More Early Childhood Institutions Meeting Operating Standards

Story Highlights

  • The Early Childhood Commission (ECC) is reporting that there has been a steady increase in compliance with the 12 operating standards for Early Childhood Institutions (ECI).        
  • Executive Director at the ECC, Karlene DeGrasse Deslandes, attributed this to the continued support of key partners and stakeholders of its thrust aimed at increasing the number of institutions certified.
  • Mrs. DeGrasse Deslandes said the ECC will continue to provide support to ECIs across the six regions through regular inspections and visits.

The Early Childhood Commission (ECC) is reporting that there has been a steady increase in compliance with the 12 operating standards for Early Childhood Institutions (ECI).

Executive Director at the ECC, Karlene DeGrasse Deslandes, attributed this to the continued support of key partners and stakeholders of its thrust aimed at increasing the number of institutions certified.

To date, 47 ECIs have met the requirements for certification, with several others close to meeting the requirements as outlined in the Standards for the Operation and Management of Early Childhood Institutions. The aim is to certify at least 300 ECIs by 2019.

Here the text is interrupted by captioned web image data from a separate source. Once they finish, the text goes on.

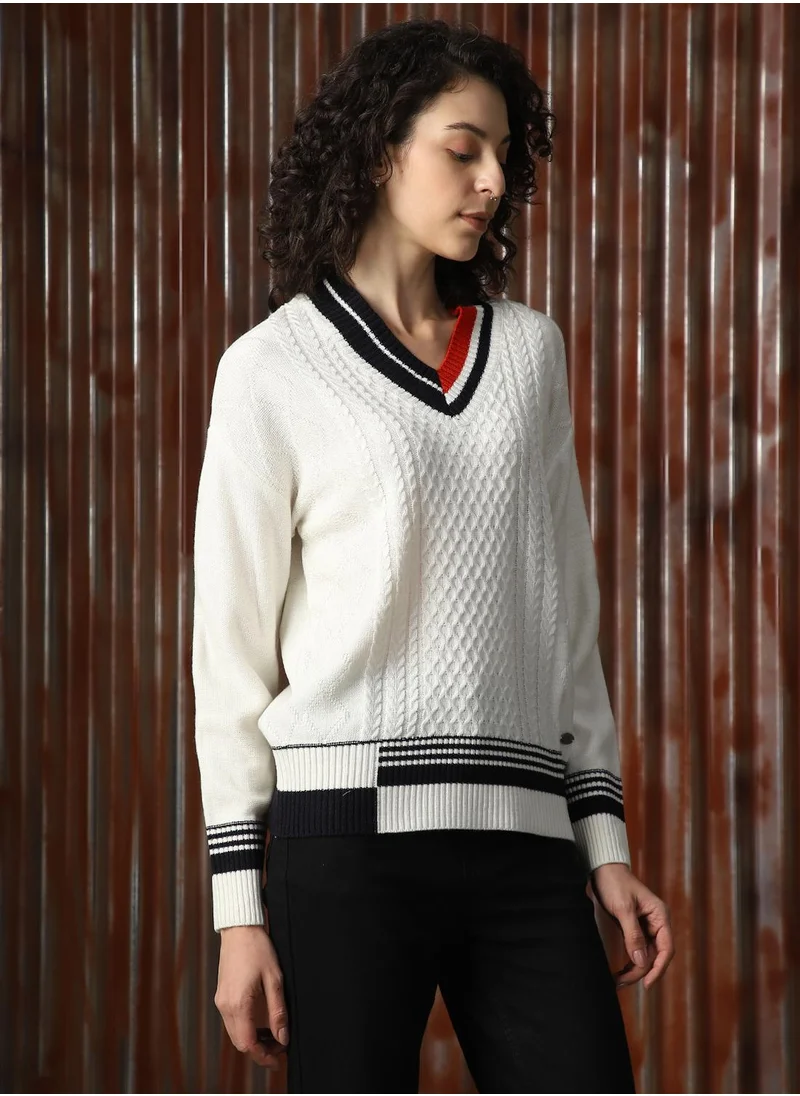 HIGH STAR Women's Multicoloured 100% Acrylic Solid Sweater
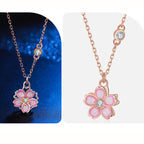 Fortune Jewel 925 Sterling Silver Cherry Blossom Flower Rotatable Protection Necklace Pendant
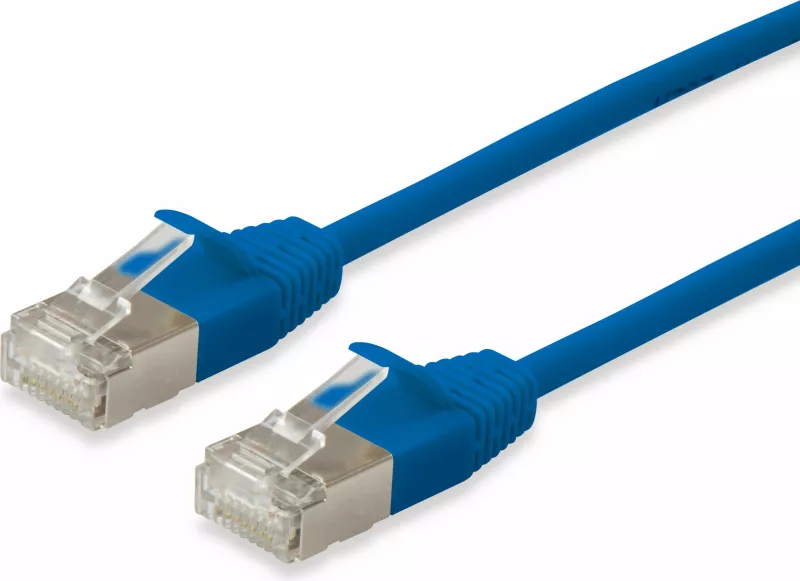 Kabllo rrjeti EQUIP Cat6a F/FTP Slim 0.5m kaltër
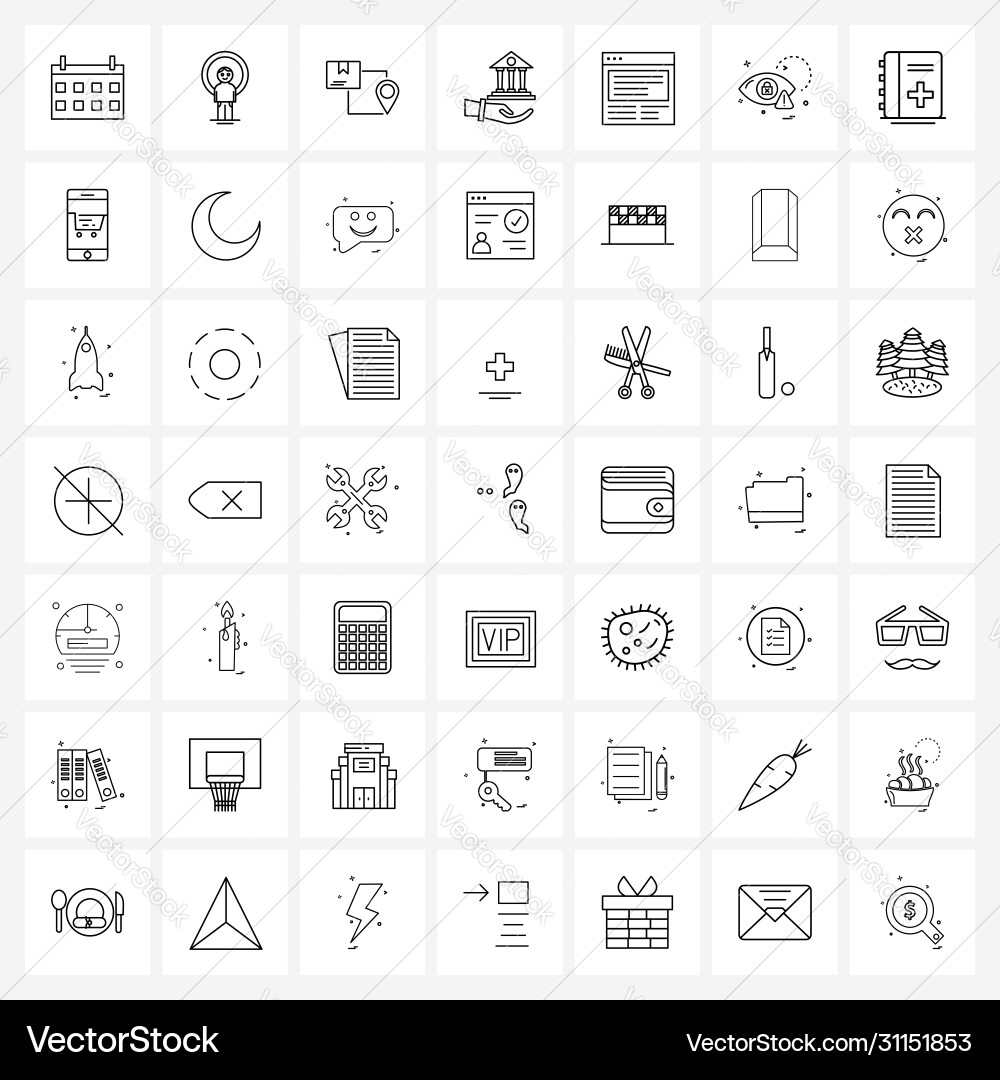 Set 49 modern line icons ux list folder vector image
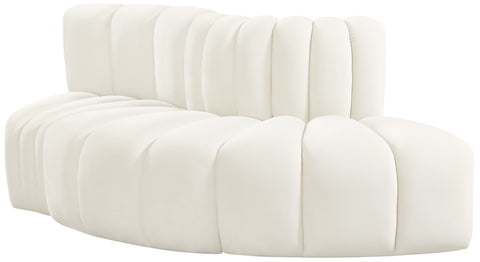 Briar Cream 77 Velvet Upholstered Modular Sectional, 3-Piece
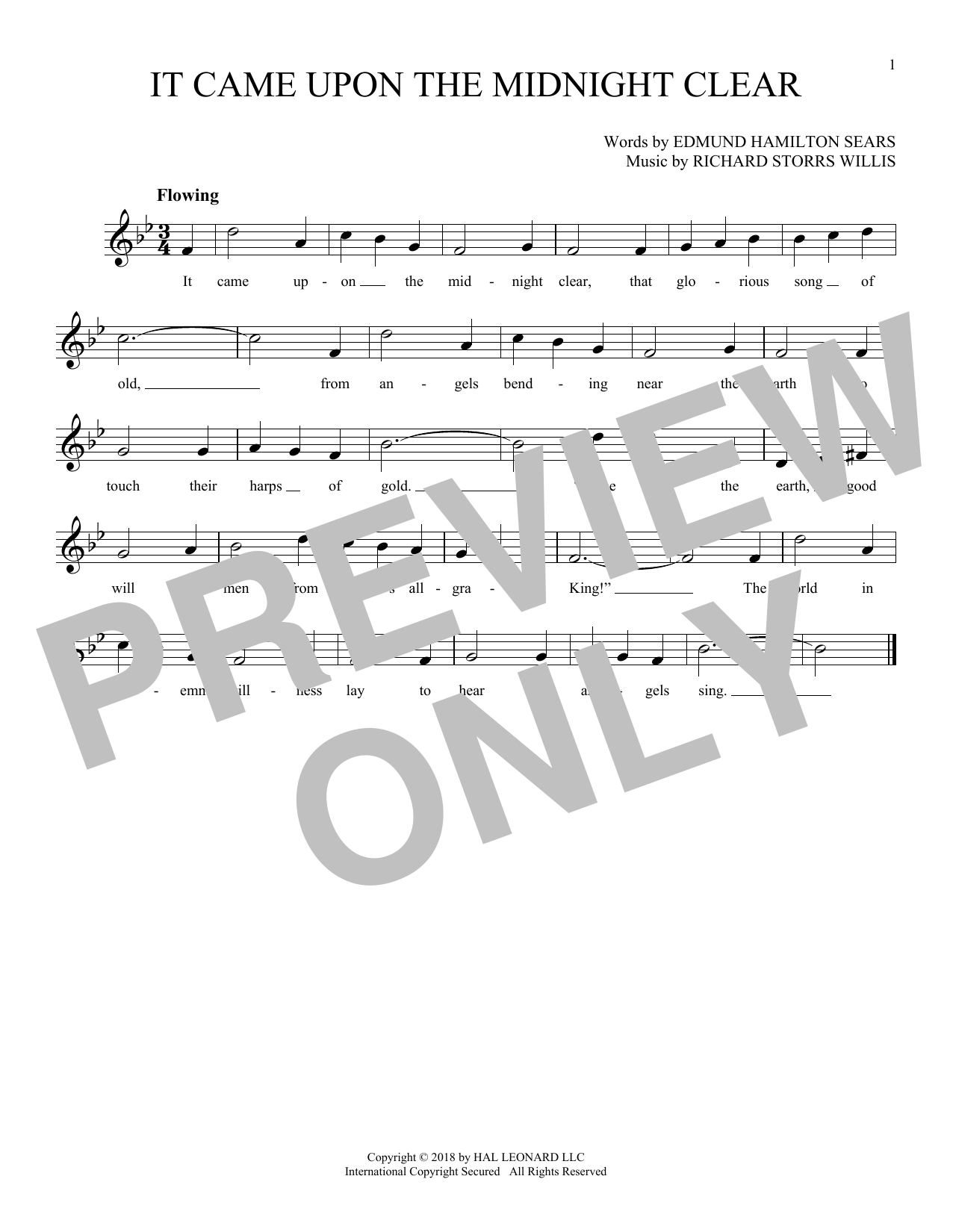 Download Richard Storrs Willis It Came Upon The Midnight Clear Sheet Music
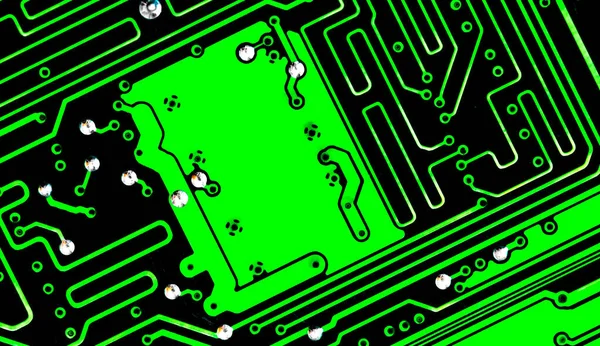Makro Närbild Tryckta Ledningar Grön Kretskort — Stockfoto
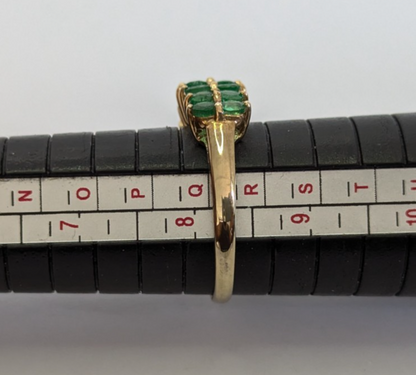 9ct Gold Ring Emerald Green 14x Hallmarked Size Q 2.5g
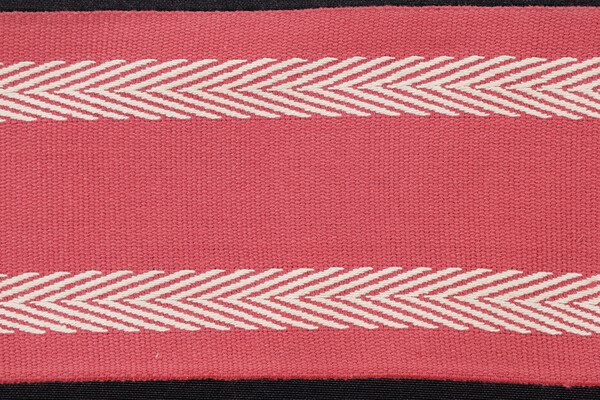 Scalamandre Narrow Chevron Border 5'' Woven Border Fabric in Red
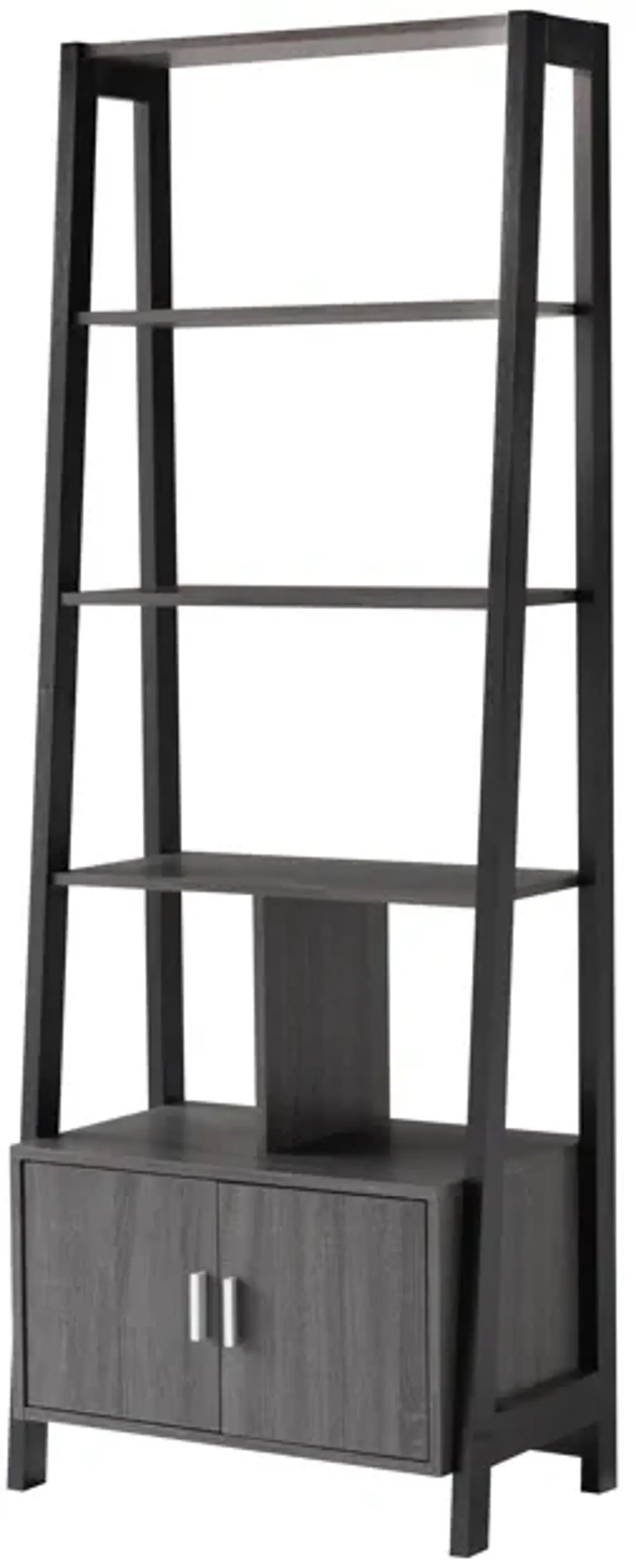 70 Inch Ladder Bookcase with Double Door Cabinet, 3 Shelves, Gray, Black - Benzara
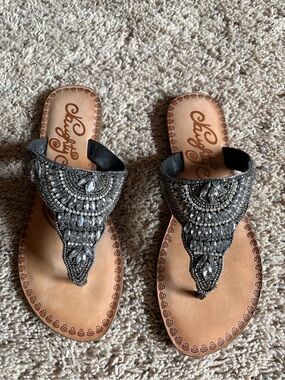 naughty monkey Black Jeweled Thong Sandals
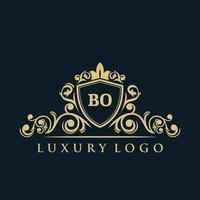 logotipo de la letra bo con escudo dorado de lujo. plantilla de vector de logotipo de elegancia.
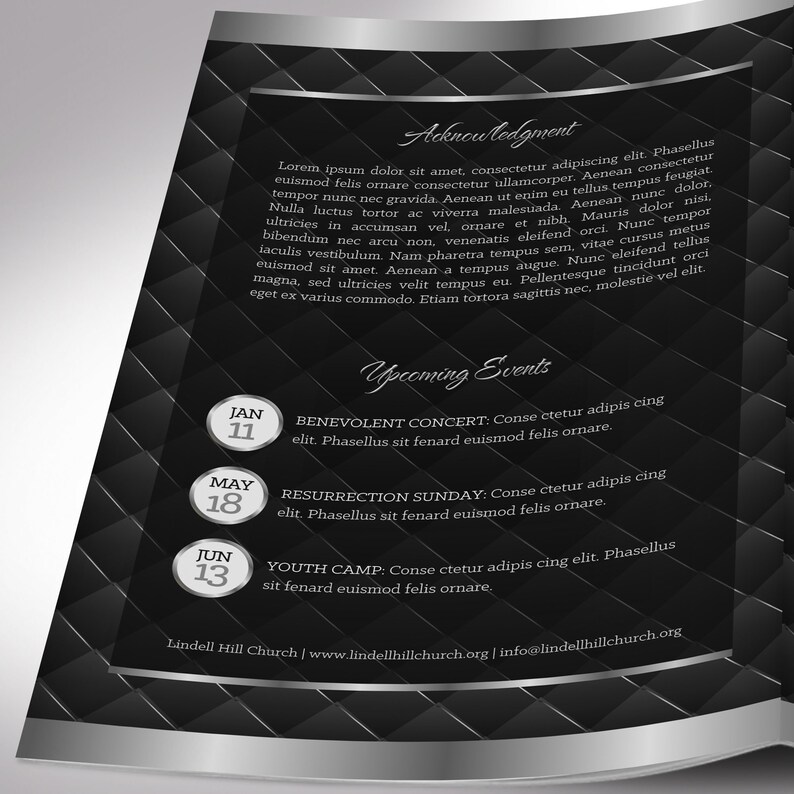 Silver Black Church Anniversary Program Template Pastor Appreciation, Banquet Program 4 Pages 5.5x8.5 inches image 6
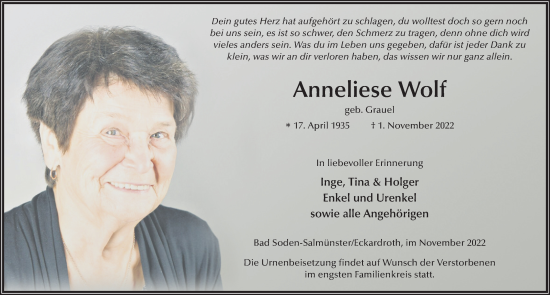 Traueranzeige von Anneliese Wolf von FZ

The Standards cover a wide range of areas and include staffing; developmental/educational programmes; interactions and relationships with children; the physical environment; indoor and outdoor equipment, furnishing and supplies; health; nutrition; safety; child rights, child protection and equality; interactions with parents and community members; administration; and finance.

Mrs. DeGrasse Deslandes said the ECC will continue to provide support to ECIs across the six regions through regular inspections and visits.

She informed that training has been provided for early childhood practitioners in areas such as paediatric first aid, identifying signs of child abuse and the reporting mechanism under Public Health Act.

This is in keeping with requirements under the Early Childhood Act and Regulations for all ECIs to have well-trained staff with the appropriate knowledge and skills to help children achieve their full potential.

Mrs. DeGrasse Deslandes expressed her appreciation to the key partners, who have been providing support to the ECIs, noting that she anticipates their continued contribution.

They include: the Project for the Advancement of Childhood Education (PACE) Canada; Digicel Foundation; CHASE Fund; National Baking Company Foundation; National Parenting Support Commission; Child Development Agency; and NCB Foundation.

Mrs. DeGrasse Deslandes is encouraging all stakeholders to lend their support to the ECIs, whether in cash or kind, in order to improve the lives of the nation’s children.

“Their future starts today, and the invested interest at this level will dictate the level of growth and development that Jamaica will experience in the future,” she noted.

Mrs. DeGrasse Deslandes said the Commission is tasked with responsibility for early childhood development in Jamaica, and therefore remains committed to developing and implementing quality programmes towards the advancement of the sector.